Obviously I have always known that the Paralympian’s situation is where I am headed, in my 20s I was told by the doctors I would be there by the time I was 40 (I am now 42 so that was wrong), but because my mind was full of thoughts of losing my eyesight overnight, punches 1 and 2; and then a rapid period of sight loss, punches 3 and 4; punch 5 hit me in a way that it had never done before. It wasn’t the fact that I am already blind and going to be totally blind that caught me off guard. I know that. Okay it did wake me up to the fact that I was not preparing for the long term practicalities of the change as well as I probably could, but that was more of a “note to self” rather than a slippery slope to the low moment. No, it was the fact that the five punches together were the catalyst for me questioning myself that was the problem. My achievements. My goals. What did I want to achieve both before and after I lose all my sight? It made me question this in a far more fundamental and raw way than I had ever done before. A sort of bog standard mini midlife crisis but overlaid by the ticking clock of total blindness. It took me to a place of rather pathetic self-absorbed navel gazing.

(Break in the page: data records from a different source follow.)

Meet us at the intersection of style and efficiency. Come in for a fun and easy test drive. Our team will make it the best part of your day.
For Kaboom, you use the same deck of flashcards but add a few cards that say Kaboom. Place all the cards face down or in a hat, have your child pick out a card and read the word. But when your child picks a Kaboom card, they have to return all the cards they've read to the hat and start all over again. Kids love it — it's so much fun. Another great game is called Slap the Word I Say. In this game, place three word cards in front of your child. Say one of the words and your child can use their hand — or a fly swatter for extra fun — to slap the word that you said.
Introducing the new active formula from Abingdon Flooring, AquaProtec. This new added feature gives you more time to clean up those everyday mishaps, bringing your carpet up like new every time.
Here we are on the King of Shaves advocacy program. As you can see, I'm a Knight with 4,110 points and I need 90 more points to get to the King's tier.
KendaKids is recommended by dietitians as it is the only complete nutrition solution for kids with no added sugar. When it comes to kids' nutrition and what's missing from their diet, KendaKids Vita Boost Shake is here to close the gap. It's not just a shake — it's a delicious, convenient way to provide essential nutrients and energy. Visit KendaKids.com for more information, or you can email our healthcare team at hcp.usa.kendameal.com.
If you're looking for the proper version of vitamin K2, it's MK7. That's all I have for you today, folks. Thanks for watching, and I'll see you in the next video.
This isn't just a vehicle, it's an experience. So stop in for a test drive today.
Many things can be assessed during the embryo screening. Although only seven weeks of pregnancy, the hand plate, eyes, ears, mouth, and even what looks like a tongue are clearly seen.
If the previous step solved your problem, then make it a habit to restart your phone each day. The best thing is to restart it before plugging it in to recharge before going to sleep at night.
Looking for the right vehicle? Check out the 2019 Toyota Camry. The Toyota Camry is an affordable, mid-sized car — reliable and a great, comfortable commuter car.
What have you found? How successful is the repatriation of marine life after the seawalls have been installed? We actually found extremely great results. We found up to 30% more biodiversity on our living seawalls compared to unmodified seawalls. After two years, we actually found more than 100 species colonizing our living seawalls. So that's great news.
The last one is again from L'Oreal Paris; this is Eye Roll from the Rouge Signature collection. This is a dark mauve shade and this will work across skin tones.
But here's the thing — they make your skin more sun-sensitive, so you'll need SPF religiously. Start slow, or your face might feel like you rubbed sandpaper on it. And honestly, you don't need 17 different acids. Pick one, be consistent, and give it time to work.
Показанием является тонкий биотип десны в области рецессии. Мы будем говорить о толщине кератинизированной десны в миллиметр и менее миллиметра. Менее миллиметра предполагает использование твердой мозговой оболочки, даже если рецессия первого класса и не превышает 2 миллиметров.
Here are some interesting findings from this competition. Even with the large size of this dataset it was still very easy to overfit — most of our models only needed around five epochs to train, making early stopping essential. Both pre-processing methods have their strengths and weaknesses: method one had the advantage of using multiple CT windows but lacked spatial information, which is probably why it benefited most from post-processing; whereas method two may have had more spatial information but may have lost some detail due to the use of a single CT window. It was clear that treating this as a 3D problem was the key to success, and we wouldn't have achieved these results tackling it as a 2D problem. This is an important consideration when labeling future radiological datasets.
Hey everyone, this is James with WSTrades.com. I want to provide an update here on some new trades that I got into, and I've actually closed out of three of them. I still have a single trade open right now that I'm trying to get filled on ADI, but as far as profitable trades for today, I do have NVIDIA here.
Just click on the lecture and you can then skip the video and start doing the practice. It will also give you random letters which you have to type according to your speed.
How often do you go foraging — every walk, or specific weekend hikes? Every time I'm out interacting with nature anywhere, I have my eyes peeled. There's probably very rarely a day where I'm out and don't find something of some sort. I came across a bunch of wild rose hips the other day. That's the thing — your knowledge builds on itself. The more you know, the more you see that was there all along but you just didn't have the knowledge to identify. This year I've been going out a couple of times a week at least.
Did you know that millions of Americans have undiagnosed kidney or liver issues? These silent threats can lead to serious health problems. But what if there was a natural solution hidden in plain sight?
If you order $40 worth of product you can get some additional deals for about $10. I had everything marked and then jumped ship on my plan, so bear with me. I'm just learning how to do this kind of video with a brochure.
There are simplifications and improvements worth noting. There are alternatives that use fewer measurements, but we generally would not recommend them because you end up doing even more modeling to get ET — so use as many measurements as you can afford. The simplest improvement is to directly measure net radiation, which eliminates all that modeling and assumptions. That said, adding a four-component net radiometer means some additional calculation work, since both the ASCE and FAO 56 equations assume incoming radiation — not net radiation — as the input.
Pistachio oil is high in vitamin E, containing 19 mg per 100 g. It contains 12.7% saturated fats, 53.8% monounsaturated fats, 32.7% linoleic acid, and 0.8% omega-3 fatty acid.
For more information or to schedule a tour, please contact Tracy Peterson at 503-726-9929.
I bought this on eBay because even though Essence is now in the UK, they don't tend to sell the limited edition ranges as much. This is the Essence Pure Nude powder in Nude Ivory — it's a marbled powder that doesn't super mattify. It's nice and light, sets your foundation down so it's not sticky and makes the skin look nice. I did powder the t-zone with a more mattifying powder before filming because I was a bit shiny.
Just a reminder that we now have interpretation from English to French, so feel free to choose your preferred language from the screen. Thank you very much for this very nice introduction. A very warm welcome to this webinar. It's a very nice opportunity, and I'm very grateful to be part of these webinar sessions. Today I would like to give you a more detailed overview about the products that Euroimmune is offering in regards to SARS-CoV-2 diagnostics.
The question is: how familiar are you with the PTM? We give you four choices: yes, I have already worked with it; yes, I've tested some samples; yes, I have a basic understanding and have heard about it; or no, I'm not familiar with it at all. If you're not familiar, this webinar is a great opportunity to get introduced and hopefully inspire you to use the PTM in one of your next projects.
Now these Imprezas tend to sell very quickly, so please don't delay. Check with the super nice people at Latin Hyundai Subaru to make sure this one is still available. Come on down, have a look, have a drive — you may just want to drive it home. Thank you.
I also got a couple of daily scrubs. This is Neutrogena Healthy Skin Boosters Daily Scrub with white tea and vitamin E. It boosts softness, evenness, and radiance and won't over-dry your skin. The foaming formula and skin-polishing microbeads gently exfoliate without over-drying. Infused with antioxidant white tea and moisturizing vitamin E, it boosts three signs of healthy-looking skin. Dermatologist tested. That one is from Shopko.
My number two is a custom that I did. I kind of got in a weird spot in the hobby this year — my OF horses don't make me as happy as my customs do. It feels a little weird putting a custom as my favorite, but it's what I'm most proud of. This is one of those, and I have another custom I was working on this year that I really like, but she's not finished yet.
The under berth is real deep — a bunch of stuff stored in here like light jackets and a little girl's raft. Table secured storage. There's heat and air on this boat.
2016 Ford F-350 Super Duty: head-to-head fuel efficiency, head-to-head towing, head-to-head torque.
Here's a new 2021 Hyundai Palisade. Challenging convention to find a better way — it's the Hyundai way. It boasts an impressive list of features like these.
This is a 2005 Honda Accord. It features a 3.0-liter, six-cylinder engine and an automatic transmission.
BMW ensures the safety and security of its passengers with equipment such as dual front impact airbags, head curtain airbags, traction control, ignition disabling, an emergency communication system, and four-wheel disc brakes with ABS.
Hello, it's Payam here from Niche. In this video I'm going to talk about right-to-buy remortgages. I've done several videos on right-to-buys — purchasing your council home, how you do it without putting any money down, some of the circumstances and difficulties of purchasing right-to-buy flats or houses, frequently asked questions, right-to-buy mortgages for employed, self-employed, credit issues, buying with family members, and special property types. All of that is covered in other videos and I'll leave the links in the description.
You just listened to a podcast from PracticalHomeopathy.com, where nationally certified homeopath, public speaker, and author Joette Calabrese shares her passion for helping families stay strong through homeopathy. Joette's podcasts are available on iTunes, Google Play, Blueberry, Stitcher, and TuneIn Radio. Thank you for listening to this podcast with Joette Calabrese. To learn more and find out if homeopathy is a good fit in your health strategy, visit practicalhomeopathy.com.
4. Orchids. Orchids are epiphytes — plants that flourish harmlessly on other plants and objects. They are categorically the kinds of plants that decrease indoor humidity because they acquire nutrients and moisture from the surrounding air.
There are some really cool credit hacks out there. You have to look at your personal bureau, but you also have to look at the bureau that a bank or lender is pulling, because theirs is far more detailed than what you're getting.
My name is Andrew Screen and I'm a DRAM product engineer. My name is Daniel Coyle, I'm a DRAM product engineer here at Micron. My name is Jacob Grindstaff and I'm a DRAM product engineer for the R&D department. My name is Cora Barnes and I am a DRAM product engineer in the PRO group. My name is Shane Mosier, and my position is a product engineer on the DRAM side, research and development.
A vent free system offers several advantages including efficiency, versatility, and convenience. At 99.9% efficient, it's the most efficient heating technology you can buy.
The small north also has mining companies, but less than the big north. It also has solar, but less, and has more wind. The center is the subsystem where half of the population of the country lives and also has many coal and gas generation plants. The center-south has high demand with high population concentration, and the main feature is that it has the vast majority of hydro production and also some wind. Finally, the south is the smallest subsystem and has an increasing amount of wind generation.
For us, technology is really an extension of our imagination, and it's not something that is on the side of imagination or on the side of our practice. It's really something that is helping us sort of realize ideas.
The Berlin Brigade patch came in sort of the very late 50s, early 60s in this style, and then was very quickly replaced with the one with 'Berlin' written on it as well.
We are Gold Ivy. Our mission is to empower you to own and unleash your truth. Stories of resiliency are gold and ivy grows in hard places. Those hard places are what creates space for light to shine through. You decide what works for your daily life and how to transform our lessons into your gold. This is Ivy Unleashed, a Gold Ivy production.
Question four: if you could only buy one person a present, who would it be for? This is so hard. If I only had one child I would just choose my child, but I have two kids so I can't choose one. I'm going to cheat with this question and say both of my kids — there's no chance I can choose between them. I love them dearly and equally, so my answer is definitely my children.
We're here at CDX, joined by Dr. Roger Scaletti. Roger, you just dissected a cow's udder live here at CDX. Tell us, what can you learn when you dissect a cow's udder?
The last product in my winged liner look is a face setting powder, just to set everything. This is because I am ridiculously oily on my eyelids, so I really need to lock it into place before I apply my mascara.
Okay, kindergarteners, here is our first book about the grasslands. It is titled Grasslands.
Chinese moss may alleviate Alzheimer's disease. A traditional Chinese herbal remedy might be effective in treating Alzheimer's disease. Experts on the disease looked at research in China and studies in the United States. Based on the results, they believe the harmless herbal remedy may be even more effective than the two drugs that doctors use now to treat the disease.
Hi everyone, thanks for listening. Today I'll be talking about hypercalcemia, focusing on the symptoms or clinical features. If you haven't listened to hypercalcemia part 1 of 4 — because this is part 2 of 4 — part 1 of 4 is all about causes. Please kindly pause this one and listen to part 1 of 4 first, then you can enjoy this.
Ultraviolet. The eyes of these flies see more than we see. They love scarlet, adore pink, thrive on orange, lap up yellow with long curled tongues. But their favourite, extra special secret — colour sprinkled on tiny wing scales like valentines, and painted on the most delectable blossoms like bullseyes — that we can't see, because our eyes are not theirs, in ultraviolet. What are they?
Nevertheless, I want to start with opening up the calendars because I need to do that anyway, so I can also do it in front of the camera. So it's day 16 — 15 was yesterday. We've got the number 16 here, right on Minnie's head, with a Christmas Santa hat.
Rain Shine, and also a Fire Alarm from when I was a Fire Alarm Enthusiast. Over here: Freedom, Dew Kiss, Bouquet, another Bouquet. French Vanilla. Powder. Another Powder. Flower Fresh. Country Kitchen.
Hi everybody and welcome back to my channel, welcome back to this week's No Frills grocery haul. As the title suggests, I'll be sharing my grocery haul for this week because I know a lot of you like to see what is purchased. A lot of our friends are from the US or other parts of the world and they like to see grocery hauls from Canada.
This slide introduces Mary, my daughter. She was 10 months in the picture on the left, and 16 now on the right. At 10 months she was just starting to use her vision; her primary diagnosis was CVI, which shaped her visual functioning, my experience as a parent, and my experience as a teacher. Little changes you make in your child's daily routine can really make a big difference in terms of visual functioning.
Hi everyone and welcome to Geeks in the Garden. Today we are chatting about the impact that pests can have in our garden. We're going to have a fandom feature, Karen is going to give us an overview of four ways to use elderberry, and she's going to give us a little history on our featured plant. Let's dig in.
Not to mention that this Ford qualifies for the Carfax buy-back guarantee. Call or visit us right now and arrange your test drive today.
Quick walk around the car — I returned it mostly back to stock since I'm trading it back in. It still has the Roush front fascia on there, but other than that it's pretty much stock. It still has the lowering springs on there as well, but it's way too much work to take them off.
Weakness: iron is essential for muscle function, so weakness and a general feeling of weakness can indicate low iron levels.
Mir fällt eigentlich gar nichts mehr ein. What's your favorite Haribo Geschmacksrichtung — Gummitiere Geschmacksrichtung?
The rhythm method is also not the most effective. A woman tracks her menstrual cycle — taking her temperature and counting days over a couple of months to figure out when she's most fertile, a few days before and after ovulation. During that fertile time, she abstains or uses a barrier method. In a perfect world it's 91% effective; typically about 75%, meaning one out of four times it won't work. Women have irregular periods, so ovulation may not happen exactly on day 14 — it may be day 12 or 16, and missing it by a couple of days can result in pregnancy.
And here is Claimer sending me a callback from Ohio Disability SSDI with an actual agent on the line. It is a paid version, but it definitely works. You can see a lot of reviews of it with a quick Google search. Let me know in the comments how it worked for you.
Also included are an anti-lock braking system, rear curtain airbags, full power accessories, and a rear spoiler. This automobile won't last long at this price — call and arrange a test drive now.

As I write about it I can find myself disliking myself for being taken to that place. The sort of self-pitying woe that I have always found slightly contemptible. But that is the problem with the slippery slope. Once you are on it is hard to go anywhere but with it until you find the way back. Just saying pull yourself together and get on with it doesn’t always work. Well not for me. Not in this case. It sounds so ungrateful but I have to have a trigger that makes me realise again how lucky I am. I have always known how lucky I am but sometimes, however rational and direct you are with yourself, you momentarily lose the ability to believe that. It is not a nice mindset. It is the absolute epitome of selfishness and you have to hope you can turn it around again before life throws the next punch.

My trigger, this time, was attending my daughter’s parents evening at her secondary school. She had a slightly rocky start adjusting to the change of “big school” but that evening she was confident, quietly proud of her school, and at ease. It was a great feeling to see it, to see her resilience and achievements, and suddenly it was like a switch had been flipped in my head. I could see how unattractive and destructive the self-wallowing was again. I could start to climb back up that slope again. I could bounce back ready to set new goals and to take the punches again.